**Requirement**
The result is the exact lines from the one containing "Rudra Tandav Divine" through the final line of the entries; leave out the pictures.

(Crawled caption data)
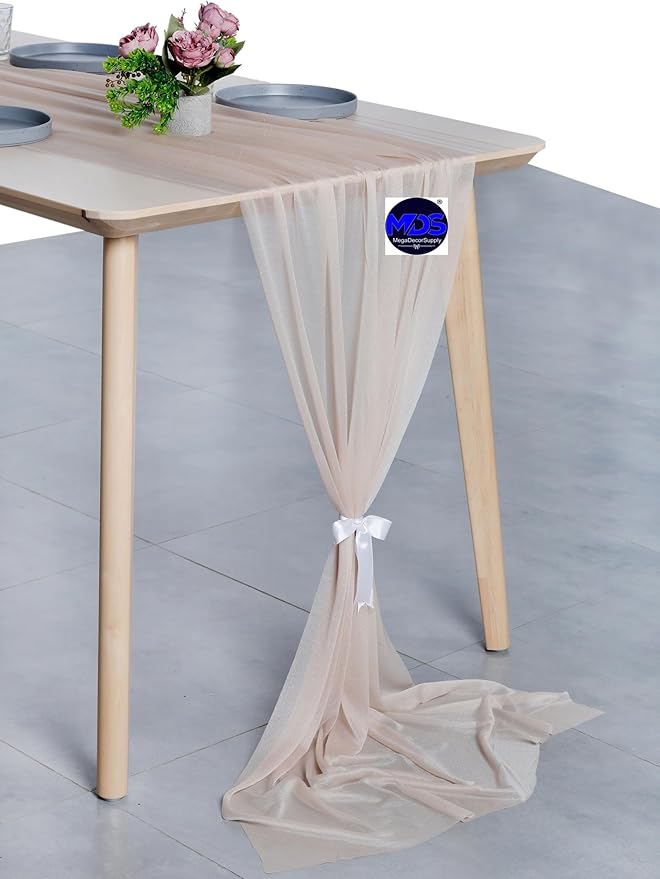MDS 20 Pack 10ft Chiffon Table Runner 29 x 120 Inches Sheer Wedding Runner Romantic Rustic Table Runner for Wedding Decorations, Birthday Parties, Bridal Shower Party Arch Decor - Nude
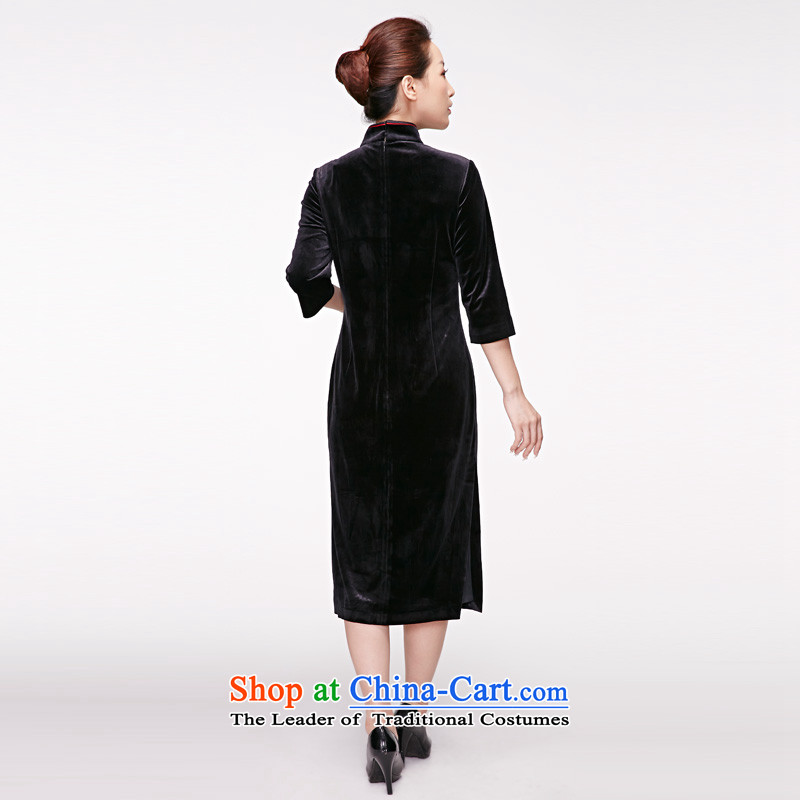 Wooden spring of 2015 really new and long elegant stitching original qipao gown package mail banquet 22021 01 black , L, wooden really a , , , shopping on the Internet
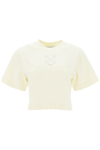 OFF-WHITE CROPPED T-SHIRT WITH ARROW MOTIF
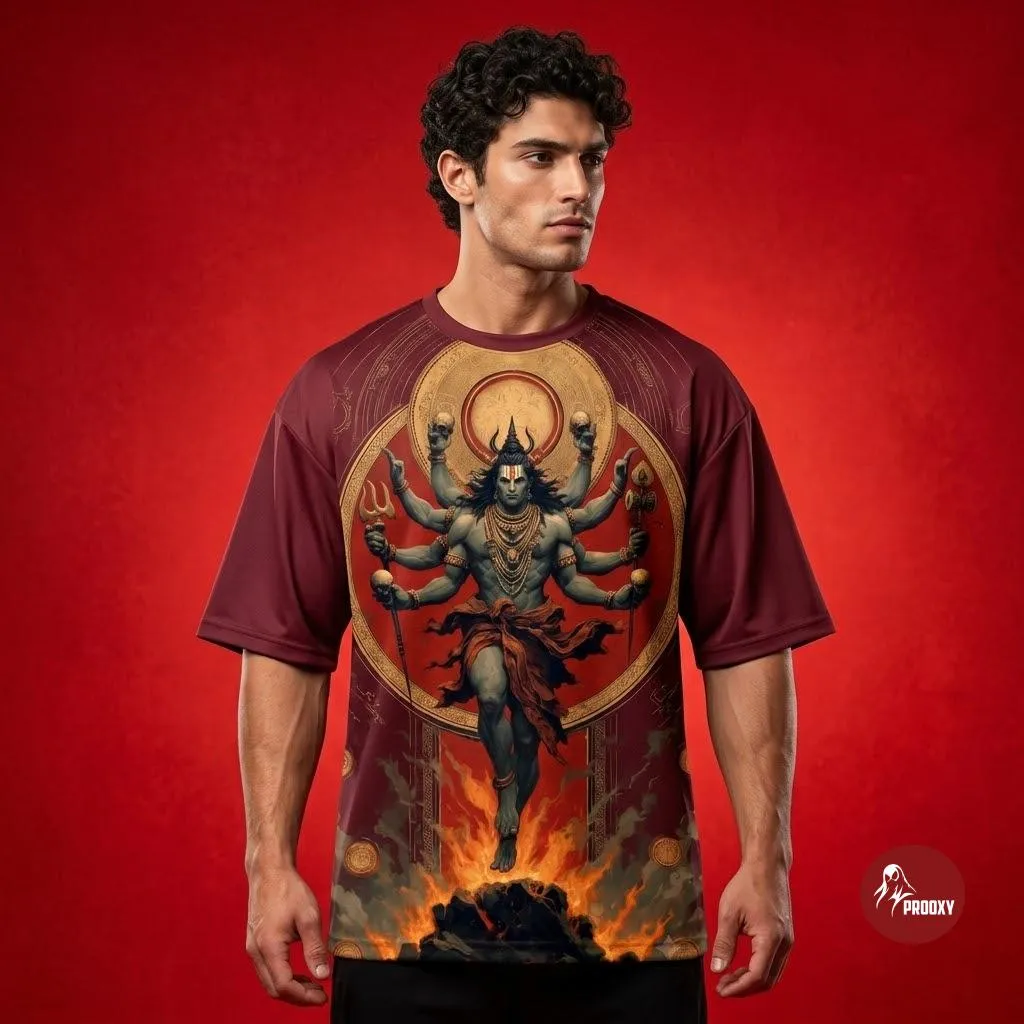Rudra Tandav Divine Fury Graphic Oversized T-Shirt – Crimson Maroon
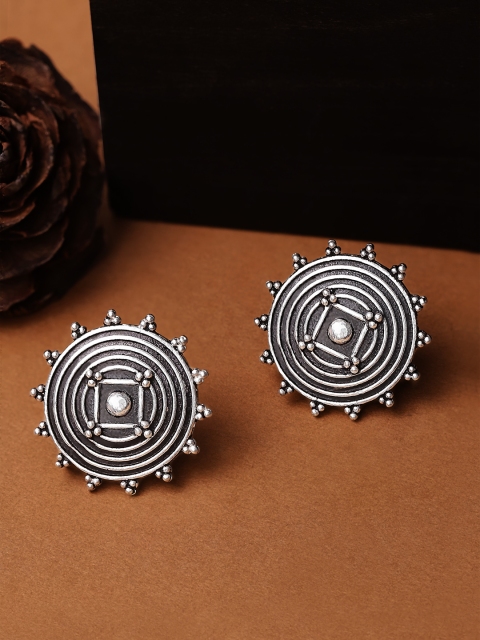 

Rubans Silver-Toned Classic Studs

**Problem solution**
Rudra Tandav Divine Fury Graphic Oversized T-Shirt – Crimson Maroon

Rubans Silver-Toned Classic Studs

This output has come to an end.